あれ…なんでオレだけこんなに超ドキドキしてるんスか。
須山先輩は何事もなかったように部員達に指示を出してもう練習を始めていた。
1人ポツンと残されたオレは須山先輩のことを可哀想可哀想と思いながら、今この瞬間、こんなにも意識されていない自分の方がよっぽど可哀想じゃないかと思い至ってしまった。
(オレはまだ心臓バクバク言ってんのに須山先輩はなんで全く平気そうなんスか)
真剣に練習に取り組む後ろ姿を見ていると胸が少し苦しくなるような気がした。
………ん?なんかおかしい。いや、なんでオレがこんな気持ちになってるんだ?
なんでこんなに須山先輩に振り回されなきゃいけないんだ。
自分が哀れとも言えるこの状況に、なんだかイラついてきた
(いやいや、先輩みたいな明らかな恋愛経験ゼロの陸上バカにこのオレが負けっぱなしなんて普通に有り得ないっしょ)

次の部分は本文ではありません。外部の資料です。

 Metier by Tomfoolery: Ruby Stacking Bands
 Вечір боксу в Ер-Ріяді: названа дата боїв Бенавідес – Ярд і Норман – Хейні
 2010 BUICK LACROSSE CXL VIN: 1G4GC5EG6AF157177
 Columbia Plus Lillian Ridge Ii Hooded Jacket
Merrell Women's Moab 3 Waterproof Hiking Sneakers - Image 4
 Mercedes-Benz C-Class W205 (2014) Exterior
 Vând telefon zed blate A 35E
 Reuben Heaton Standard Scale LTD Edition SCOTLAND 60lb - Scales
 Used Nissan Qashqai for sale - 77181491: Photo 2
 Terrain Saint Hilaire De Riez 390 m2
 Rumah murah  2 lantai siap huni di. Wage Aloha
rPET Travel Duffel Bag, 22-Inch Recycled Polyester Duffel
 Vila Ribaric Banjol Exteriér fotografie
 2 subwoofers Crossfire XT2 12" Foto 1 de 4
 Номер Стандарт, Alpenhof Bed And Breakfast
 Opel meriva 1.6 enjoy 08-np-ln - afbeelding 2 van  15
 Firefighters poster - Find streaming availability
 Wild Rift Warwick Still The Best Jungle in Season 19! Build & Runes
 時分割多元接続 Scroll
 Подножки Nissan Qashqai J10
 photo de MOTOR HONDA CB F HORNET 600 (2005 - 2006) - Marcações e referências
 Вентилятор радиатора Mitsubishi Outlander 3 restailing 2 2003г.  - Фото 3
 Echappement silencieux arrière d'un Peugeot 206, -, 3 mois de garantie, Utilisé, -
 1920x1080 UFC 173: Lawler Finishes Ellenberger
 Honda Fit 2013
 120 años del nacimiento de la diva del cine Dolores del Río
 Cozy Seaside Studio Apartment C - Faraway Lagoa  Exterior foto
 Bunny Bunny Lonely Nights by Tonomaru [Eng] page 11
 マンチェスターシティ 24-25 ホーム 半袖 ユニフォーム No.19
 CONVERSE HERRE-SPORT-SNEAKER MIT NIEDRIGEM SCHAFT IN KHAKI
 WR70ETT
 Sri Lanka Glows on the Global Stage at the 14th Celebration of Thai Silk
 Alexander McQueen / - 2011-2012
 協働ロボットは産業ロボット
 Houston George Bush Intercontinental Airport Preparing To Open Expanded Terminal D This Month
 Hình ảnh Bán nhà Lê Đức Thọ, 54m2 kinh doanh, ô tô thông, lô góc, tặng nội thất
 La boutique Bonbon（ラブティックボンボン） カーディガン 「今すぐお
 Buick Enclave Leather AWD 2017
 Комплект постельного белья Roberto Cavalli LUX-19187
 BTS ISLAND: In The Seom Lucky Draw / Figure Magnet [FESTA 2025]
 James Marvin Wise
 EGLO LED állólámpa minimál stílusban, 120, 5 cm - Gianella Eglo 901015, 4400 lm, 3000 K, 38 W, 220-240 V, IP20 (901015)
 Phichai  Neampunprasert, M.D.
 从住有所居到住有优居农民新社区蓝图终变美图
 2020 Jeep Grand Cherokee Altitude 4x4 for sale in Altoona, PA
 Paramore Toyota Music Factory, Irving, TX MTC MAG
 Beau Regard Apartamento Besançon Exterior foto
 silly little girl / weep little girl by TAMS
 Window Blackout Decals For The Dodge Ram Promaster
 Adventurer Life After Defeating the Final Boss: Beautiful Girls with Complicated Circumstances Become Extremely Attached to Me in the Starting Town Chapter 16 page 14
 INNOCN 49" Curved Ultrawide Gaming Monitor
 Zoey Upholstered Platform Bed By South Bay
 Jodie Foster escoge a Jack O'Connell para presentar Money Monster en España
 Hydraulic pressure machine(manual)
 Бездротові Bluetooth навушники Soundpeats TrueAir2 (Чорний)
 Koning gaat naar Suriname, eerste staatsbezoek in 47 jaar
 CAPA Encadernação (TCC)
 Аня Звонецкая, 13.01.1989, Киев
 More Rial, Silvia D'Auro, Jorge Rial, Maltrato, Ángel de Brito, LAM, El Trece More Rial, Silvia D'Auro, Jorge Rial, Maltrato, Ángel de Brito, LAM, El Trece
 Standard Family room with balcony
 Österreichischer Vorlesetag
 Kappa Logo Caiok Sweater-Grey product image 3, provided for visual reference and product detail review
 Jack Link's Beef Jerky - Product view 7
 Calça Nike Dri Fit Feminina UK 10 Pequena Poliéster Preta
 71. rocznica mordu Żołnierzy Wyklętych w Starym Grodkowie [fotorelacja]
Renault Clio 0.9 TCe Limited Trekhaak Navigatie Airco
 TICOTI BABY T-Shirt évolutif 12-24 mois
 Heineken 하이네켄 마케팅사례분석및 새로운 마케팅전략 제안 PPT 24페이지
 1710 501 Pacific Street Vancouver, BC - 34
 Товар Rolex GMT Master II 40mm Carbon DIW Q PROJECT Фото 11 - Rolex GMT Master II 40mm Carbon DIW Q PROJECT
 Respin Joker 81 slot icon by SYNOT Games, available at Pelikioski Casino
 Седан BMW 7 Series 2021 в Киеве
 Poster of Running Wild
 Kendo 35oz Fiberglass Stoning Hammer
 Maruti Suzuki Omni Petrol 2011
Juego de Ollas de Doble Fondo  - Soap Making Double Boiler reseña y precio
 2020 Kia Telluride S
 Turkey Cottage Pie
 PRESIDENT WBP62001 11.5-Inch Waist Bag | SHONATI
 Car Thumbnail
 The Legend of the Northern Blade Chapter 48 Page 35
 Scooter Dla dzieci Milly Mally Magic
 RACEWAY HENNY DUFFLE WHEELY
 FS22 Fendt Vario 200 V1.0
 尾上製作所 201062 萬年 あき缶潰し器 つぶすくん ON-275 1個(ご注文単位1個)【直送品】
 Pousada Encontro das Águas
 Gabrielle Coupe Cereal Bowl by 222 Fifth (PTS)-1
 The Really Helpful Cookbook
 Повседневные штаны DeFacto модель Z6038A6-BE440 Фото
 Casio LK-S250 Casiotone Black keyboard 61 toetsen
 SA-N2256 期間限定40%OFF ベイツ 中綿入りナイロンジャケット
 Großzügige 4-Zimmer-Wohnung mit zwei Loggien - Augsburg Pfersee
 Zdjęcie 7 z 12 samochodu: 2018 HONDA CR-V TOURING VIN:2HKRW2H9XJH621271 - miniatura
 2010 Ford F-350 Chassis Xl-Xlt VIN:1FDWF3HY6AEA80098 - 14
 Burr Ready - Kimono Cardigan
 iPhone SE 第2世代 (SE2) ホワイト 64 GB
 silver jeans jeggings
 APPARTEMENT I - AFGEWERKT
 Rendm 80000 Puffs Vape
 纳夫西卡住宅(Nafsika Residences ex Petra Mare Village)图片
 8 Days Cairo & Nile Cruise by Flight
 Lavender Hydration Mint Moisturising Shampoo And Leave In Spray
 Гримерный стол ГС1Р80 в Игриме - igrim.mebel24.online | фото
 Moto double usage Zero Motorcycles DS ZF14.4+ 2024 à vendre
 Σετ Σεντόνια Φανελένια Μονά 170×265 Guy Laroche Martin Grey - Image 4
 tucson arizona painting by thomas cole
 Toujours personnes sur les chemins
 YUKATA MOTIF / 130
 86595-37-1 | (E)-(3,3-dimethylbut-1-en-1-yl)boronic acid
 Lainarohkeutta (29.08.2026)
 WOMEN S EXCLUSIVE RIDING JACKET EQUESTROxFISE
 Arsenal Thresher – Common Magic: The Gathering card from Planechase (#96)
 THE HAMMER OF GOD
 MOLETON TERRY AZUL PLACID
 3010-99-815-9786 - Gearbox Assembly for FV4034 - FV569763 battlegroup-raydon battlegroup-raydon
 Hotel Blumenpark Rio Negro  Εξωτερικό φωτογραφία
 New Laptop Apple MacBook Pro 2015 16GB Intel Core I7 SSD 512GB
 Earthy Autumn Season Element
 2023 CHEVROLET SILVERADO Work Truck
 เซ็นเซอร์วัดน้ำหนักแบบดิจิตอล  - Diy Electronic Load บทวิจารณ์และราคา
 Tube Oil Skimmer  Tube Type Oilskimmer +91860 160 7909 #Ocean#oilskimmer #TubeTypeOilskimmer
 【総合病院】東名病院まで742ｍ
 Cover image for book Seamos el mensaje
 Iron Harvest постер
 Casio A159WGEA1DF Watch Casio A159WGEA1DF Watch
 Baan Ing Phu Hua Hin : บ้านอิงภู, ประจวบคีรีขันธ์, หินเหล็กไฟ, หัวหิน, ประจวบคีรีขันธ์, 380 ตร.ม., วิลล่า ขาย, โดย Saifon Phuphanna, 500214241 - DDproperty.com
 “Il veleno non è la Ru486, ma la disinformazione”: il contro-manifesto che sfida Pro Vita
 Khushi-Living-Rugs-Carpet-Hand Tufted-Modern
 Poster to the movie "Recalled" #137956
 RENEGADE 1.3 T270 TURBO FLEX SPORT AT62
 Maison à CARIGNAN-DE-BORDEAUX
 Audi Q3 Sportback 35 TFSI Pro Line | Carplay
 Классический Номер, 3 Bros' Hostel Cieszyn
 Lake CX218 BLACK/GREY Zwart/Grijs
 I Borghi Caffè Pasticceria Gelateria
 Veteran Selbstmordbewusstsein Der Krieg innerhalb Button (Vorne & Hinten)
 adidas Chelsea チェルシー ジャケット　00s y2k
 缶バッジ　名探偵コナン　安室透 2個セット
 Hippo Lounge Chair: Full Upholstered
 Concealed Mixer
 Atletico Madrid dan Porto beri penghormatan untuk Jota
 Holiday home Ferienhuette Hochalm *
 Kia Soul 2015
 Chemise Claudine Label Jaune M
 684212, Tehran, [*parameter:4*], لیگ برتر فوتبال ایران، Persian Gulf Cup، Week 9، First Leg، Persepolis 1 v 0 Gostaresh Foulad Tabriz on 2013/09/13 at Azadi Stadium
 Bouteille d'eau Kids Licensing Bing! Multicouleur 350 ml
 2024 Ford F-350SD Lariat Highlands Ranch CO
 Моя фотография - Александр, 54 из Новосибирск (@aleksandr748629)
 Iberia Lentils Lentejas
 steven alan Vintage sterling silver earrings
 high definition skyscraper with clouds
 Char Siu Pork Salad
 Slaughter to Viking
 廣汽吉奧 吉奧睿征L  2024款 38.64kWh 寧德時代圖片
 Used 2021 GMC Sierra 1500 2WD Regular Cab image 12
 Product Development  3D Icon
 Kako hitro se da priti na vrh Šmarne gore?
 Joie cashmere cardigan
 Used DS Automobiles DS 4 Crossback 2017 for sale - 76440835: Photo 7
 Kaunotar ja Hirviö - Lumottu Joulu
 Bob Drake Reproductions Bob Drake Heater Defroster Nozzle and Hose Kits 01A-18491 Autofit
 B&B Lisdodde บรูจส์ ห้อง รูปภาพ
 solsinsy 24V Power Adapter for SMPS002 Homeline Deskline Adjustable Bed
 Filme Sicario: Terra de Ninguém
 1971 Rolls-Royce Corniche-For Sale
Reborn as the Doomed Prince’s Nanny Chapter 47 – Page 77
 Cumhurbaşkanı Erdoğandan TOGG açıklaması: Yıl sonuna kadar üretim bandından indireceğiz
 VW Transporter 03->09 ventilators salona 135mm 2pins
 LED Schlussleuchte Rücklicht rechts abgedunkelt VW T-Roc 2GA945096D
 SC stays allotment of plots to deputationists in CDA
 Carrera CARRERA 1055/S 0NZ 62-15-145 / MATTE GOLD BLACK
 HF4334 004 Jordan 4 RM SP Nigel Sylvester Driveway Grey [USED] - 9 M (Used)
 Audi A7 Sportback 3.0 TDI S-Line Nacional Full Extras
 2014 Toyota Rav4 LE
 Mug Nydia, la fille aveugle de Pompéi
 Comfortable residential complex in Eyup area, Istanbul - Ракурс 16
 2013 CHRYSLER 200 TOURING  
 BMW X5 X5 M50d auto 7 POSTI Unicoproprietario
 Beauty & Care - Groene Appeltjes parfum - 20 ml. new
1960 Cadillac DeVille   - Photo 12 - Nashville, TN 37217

(なんかマジでムカついてきた。このままで終わってたまるかよ。悪いけど須山先輩には絶対一泡吹かせてやるっス。)
須山は全くの無自覚であったが知らず知らずのうちに黄瀬の闘争心に完全に火をつけてしまった。
「本気のオレからは逃げられないっスよ。須山先輩。」
こうしてオレの須山先輩に絶対一泡吹かす作戦は6月のじめじめとした体育館の中で密かに、極めて一方的にスタートした。